Microbiology and Mycology Program, Biomedical Sciences Institute, University of Chile School of Medicine, Santiago, Chile.
Anatomy and Developmental Biology Program, Biomedical Sciences Institute, University of Chile School of Medicine, Santiago, Chile.
Am J Pathol. 2018 Feb;188(2):417-431. doi: 10.1016/j.ajpath.2017.10.019. Epub 2017 Nov 21.

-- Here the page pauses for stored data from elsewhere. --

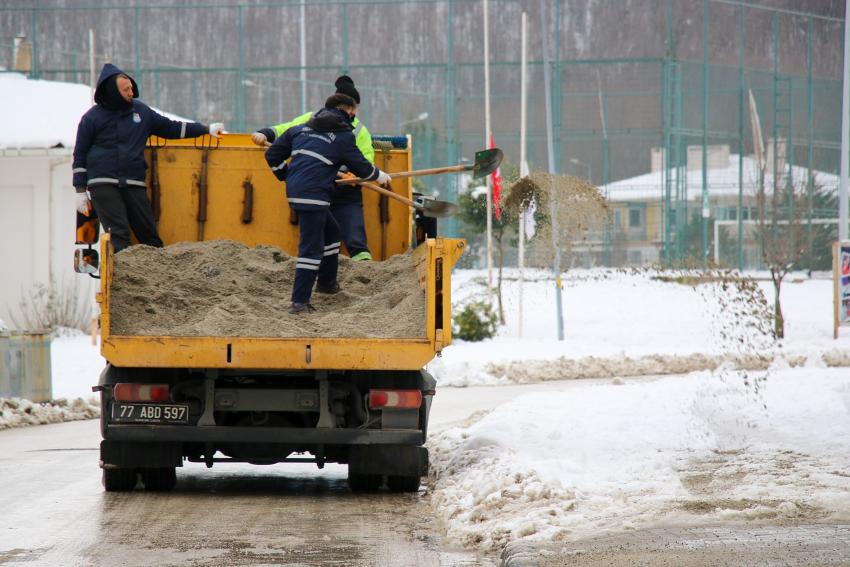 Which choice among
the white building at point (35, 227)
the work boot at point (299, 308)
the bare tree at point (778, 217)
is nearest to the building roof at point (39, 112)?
the white building at point (35, 227)

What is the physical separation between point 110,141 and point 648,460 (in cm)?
465

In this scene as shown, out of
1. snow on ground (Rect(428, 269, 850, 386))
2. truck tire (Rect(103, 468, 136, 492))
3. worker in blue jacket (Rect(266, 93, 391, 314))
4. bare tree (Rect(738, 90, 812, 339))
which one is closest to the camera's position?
truck tire (Rect(103, 468, 136, 492))

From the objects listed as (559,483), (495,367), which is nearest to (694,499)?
(559,483)

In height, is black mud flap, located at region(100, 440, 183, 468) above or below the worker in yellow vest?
below

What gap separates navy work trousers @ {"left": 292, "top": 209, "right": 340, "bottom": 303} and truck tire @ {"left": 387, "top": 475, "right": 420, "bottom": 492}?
4.43 feet

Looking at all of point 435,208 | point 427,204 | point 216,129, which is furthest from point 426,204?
point 216,129

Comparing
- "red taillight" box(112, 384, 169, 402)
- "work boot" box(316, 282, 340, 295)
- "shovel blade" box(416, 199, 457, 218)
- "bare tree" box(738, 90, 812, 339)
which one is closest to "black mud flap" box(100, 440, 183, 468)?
"red taillight" box(112, 384, 169, 402)

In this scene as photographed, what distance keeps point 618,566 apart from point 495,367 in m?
15.9

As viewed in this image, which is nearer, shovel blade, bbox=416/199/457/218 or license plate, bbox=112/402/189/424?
license plate, bbox=112/402/189/424

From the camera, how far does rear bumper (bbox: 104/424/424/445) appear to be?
331 inches

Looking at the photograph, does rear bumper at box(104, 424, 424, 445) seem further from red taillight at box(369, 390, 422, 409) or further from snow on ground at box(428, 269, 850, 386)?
snow on ground at box(428, 269, 850, 386)

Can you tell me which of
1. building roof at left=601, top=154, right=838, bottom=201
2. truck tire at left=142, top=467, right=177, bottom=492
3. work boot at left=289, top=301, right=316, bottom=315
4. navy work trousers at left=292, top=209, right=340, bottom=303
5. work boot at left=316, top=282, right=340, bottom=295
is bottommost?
truck tire at left=142, top=467, right=177, bottom=492

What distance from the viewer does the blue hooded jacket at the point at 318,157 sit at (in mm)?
9422

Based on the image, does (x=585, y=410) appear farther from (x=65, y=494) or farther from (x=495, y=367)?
(x=495, y=367) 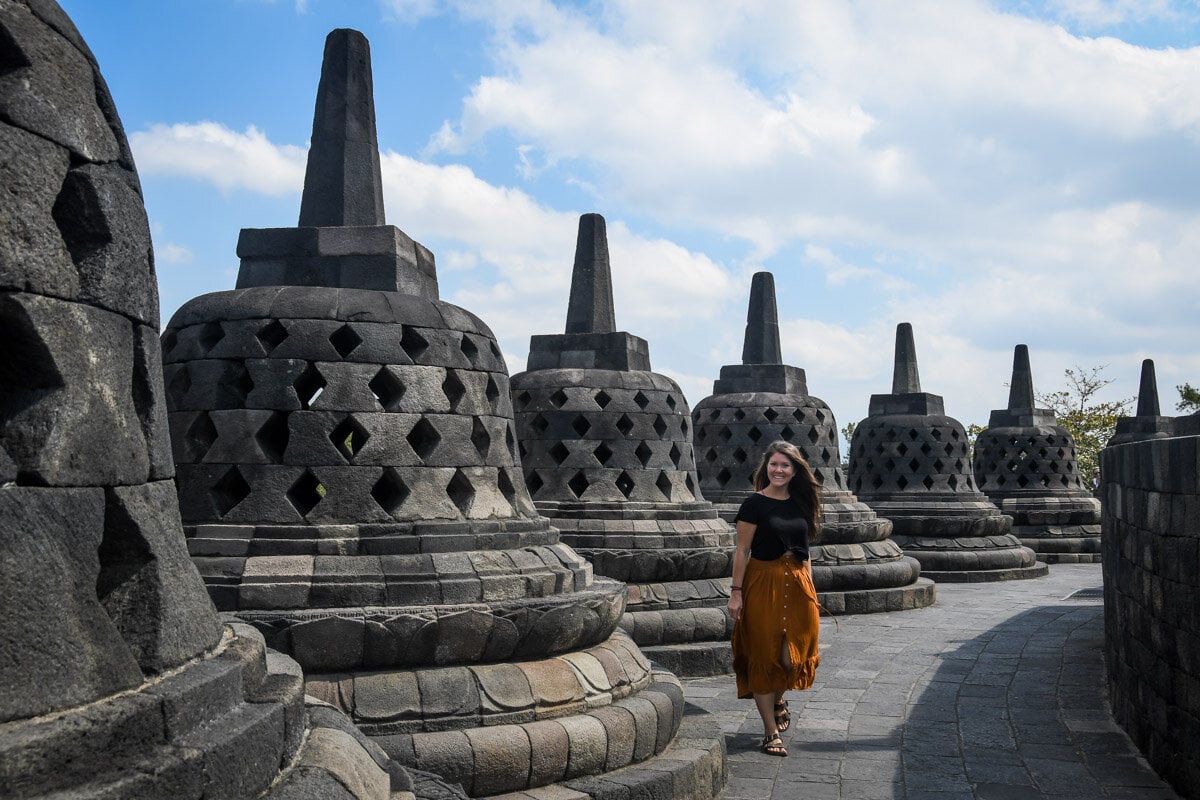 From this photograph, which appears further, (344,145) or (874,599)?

Subclinical primary Pneumocystis infection is the most common pulmonary infection in early infancy, making it important to determine whether it damages the lung. Pneumocystis peaks at 2 to 5 months of age, when respiratory morbidity coincidently increases. We have documented that Pneumocystis increases mucus production in infant lungs, and animal models reveal lung lesions that warrant characterization. Herein, immunocompetent rats infected at birth with Pneumocystis by cohabitation, to resemble community-acquired infection, underwent lung assessments at 45, 60, and 75 days of age. Lungs fixed by vascular perfusion to prevent collapse during necropsy were used for morphometry evaluations of mucus production, airway epithelial thickening, perivascular and peribronchiolar inflammation, and structural airway remodeling. Changes in these histologic features indicate lung disease. Selected immune markers were assessed in parallel using fresh-frozen lung tissue from sibling rats of the same cages. Sequential activation of NF-κB and an increased Gata3/T-bet mRNA level ratio, consistent with a type 2 helper T-cell-type inflammatory response, and subacute fibrosis were recognized. Therefore, documenting subclinical Pneumocystis infection induces lung disease in the immunocompetent host. Taken together with the peak age of primary Pneumocystis infection, results warrant investigating the clinical impact of this often subclinical infection on the severity of respiratory diseases in early infancy. This model can also be used to assess the effects of airway insults, including coinfections by recognized respiratory pathogens.
亚临床原发性卡氏肺孢子虫感染是婴儿早期最常见的肺部感染,因此确定其是否损害肺部非常重要。卡氏肺孢子虫在 2 至 5 个月大时达到高峰,此时呼吸道发病率同时增加。我们已经证明卡氏肺孢子虫会增加婴儿肺部的黏液产生,动物模型显示出需要特征描述的肺部病变。在此,通过同居使出生时即感染卡氏肺孢子虫的免疫功能正常的大鼠感染,以模拟社区获得性感染,然后在 45、60 和 75 日龄时进行肺部评估。通过血管灌注固定肺部以防止尸检时塌陷,用于评估黏液产生、气道上皮增厚、血管周围和细支气管周围炎症以及结构气道重塑的形态计量学评估。这些组织学特征的变化表明存在肺部疾病。使用来自同一笼中同一窝仔鼠的新鲜冷冻肺组织平行评估选定的免疫标志物。NF-κB 的顺序激活和 Gata3/T-bet mRNA 水平比值的增加,与 2 型辅助 T 细胞型炎症反应一致,以及亚急性纤维化被识别。因此,证明亚临床卡氏肺孢子虫感染会在免疫功能正常的宿主中引起肺部疾病。考虑到原发性卡氏肺孢子虫感染的高峰年龄,结果值得研究这种常见的亚临床感染对婴儿早期呼吸道疾病严重程度的临床影响。该模型还可用于评估气道损伤的影响,包括与公认的呼吸道病原体的合并感染。